Again the undergrowth was thick and full of sharp and stinging stuff, so I didn't bother getting too close. Construction is of brick, with metal framed windows with (broken) patterned glass for some reason.

Walking further into the camp, the path becomes wilder and more impassible.
I have been here before in the winter, and know that there are quite a few remains scattered about, but the undergrowth hides most of it at the moment. The odd part catches your eye; a few walls have been left standing pathetically, decaying among the rampant greenery and tree growth.

The slab was one of the pre formed sections mentioned previously, and the upright piece was one of the joiners/roof supports. I suspect that this building was a latrine, based on what was sitting inside.

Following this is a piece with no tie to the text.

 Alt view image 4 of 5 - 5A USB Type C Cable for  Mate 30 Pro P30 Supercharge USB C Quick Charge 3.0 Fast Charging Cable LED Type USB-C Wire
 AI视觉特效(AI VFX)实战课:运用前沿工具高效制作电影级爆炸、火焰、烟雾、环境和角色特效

Strangely, the sewerage and sanitation arrangements were amongst the best preserved features of this camp. There is a large double settlement pond which is largely intact:

As well as a number of strange brick built "glory holes":

A thick coniferous plantation has been created over the top of these remains, which has played hell with their structural integrity. There is no more destructive a force than nature, even the slow moving type.

Note the "organic" hatch cover. I'm not sure if this was intended to stop people from falling though, or stop them from seeing the hole so they would fall through. There are a lot of gamekeepers in these woods, so neither explanation would suprise me. The hole is about 10 feet deep, and full of old bottles for some reason. I don't know if it is just an access hatch or whether it actually goes somewhere; I didn't have a torch on me, so didn't see much point in poking about at this stage.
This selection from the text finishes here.